RV zu Diosk. IV 9 bringt auch das Synonym anum Gallicum, das, worauf Hoppe 450 hinweist, von Wellmann ohne Grund in ἄλουμ Γάλλικουμ geändert wurde, da die durch Dissimilation von l zu n entstandene Form anum Gallicum neben alum Gallicum zu Recht besteht und bei Vegetius, der (wie Pelagonius) anum Gallicum als Bestandteil in Hustenarzneien anführt, auf Grund der Leidener Hs. wiederherzustellen ist (vgl. Veget. mulom. II 131, 5. 133, 3. 134, 4. III 8, 4. II 129, 11); auch das Pelagon. 71. 75. 83. 89. 96. 113 u. ö. vorkommende arum Gallicum ist nach Hoppe durch Dissimilation aus alum Gallicum entstanden (vgl. Ihm zu Pelagon. 71 p. 148). Bei Marcell. med. XVII 21 steht al Gallicum (X 68 radicem symphyti, quod hal Gallicum dicitur), was auch Mulom. Chir. häufig vorkommt und 967 cum algallico, hoc est conferma (vgl. conferva Plin. n. h.

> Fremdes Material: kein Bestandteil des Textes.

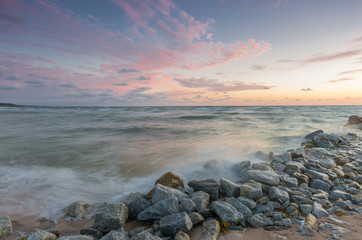 Baltic sea coast at sunset, with granite groyne in Rowy, near Ustka, Poland
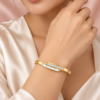 18K gold plated hinged crossover bangle with a bar of clear crystals overlapping a mother-of-pearl inlay on hand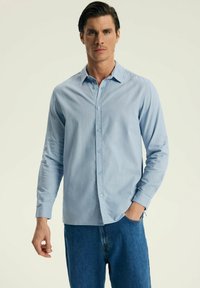 Jasnoniebieska koszula z długim rękawem na guziki z kołnierzykiem oraz subtelną teksturą, połączona z luźnymi niebieskimi dżinsami.
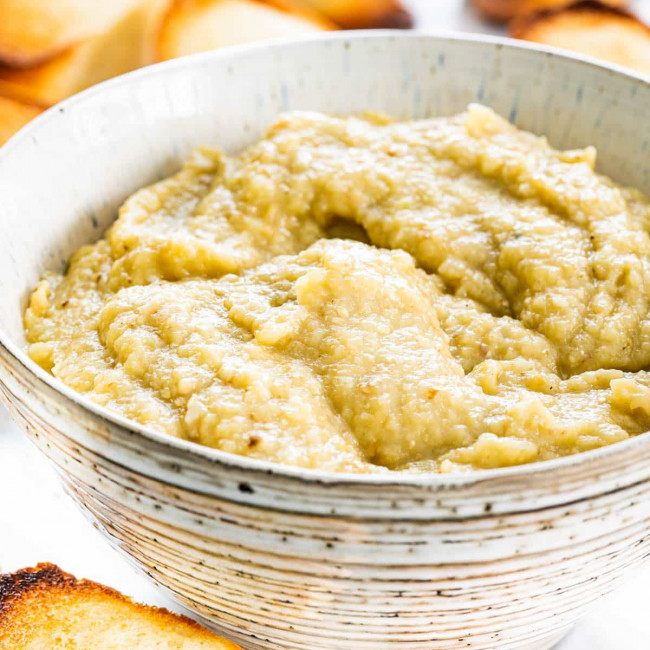 side view shot of a bowl of eggplant dip surrounded by toasted bread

XXVII 69), Graece sinpito erklärt ist; über die weiteren Formen argallicum, das gleichfalls Mulom. Chir. häufig steht und Cael. Aur. chron. V 2, 37 mit radice argallici, quod Graeci symphyton vocant erklärt wird, sowie anagallicum (häufig bei Vegetius) s. Hoppe 451f. Welche Pflanze die antiken Veterinäre unter alum Gallicum verstanden und ob sie alle die gleiche Pflanze darunter verstanden, ist nicht auszumachen, da der Name stets nur in Rezepten erscheint und jegliche Angabe von Merkmalen fehlt.